Department of Neurological Surgery, Thomas Jefferson University, Philadelphia, Pennsylvania 19107, USA.
J Neurotrauma. 2011 Jun;28(6):973-81. doi: 10.1089/neu.2010.1672. Epub 2011 Jun 1.
Proposed therapeutic strategies for attenuating secondary traumatic brain injury (TBI) include modulation of acute neuroimmune responses. The goal of this study was to examine the acute effects of cannabinoid-2 receptor (CB(2)R) modulation on behavioral deficits, cerebral edema, perivascular substance P, and macrophage/microglial activation in a murine model of TBI. Thirty male C57BL/6 mice underwent sham surgery, or cortical contusion impact injury (CCI). CCI mice received vehicle or the CB(2)R agonist 0-1966 at 1 and 24 h after injury. Performance on the rotarod, forelimb cylinder, and open-field tests were evaluated before and at 48 h after sham or CCI surgery. Cerebral edema was evaluated using the wet-dry weight technique. Immunohistochemical analysis was used to examine changes in substance P and macrophage/microglia-specific Iba1 protein immunoreactivity. Locomotor performance and exploratory behavior were significantly improved in mice receiving 0-1966 (CB(2)R agonist) compared to vehicle-treated mice. Significant reductions were found for cerebral edema, number of perivascular areas of substance P immunoreactivity, and number of activated macrophages/microglial cells in the injured brains of 0-1966-treated mice compared to vehicle-treated mice. The findings show that the effects of the CB(2)R agonist 0-1966 on edema, substance P immunoreactivity, and macrophage/microglial activation, were associated with recovery of acute motor and exploratory deficits. This study provides evidence of acute neuroprotective effects derived from selective CB(2)R activation that may represent an avenue for further development of novel therapeutic agents in the treatment of TBI.

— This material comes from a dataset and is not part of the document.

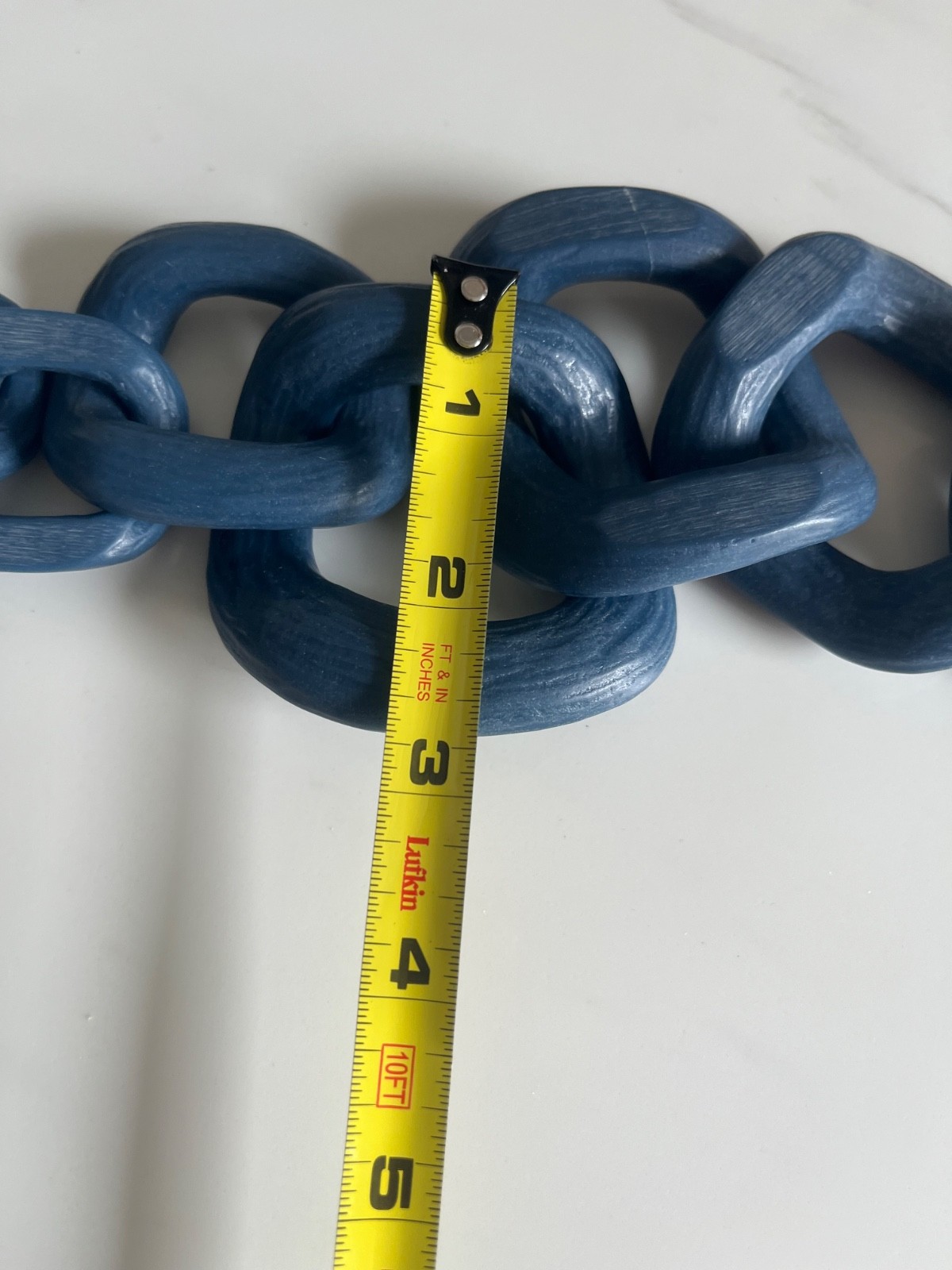 Chunky Blue Resin Large Chain Link Matte Oversized Statement Necklace Boho Retro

减轻继发性创伤性脑损伤 (TBI) 的治疗策略包括调节急性神经免疫反应。本研究的目的是在 TBI 小鼠模型中研究大麻素-2 型受体 (CB2R) 调节对行为缺陷、脑水肿、血管周围物质 P 和巨噬细胞/小胶质细胞激活的急性影响。30 只雄性 C57BL/6 小鼠接受假手术或皮质挫伤冲击伤 (CCI)。CCI 小鼠在受伤后 1 小时和 24 小时接受载体或 CB2R 激动剂 0-1966。在假手术或 CCI 手术后 48 小时之前和之后评估旋转棒、前肢圆筒和旷场测试的表现。使用干湿重技术评估脑水肿。免疫组织化学分析用于检查物质 P 和巨噬细胞/小胶质细胞特异性 Iba1 蛋白免疫反应性的变化。与接受载体治疗的小鼠相比,接受 0-1966(CB2R 激动剂)的小鼠的运动和探索行为明显改善。与接受载体治疗的小鼠相比,0-1966 治疗的小鼠受伤大脑中的脑水肿、血管周围物质 P 免疫反应区的数量和激活的巨噬细胞/小胶质细胞的数量均显著减少。这些发现表明,CB2R 激动剂 0-1966 对水肿、物质 P 免疫反应性和巨噬细胞/小胶质细胞激活的作用与急性运动和探索缺陷的恢复有关。这项研究提供了源自选择性 CB2R 激活的急性神经保护作用的证据,这可能代表了进一步开发新型 TBI 治疗药物的途径。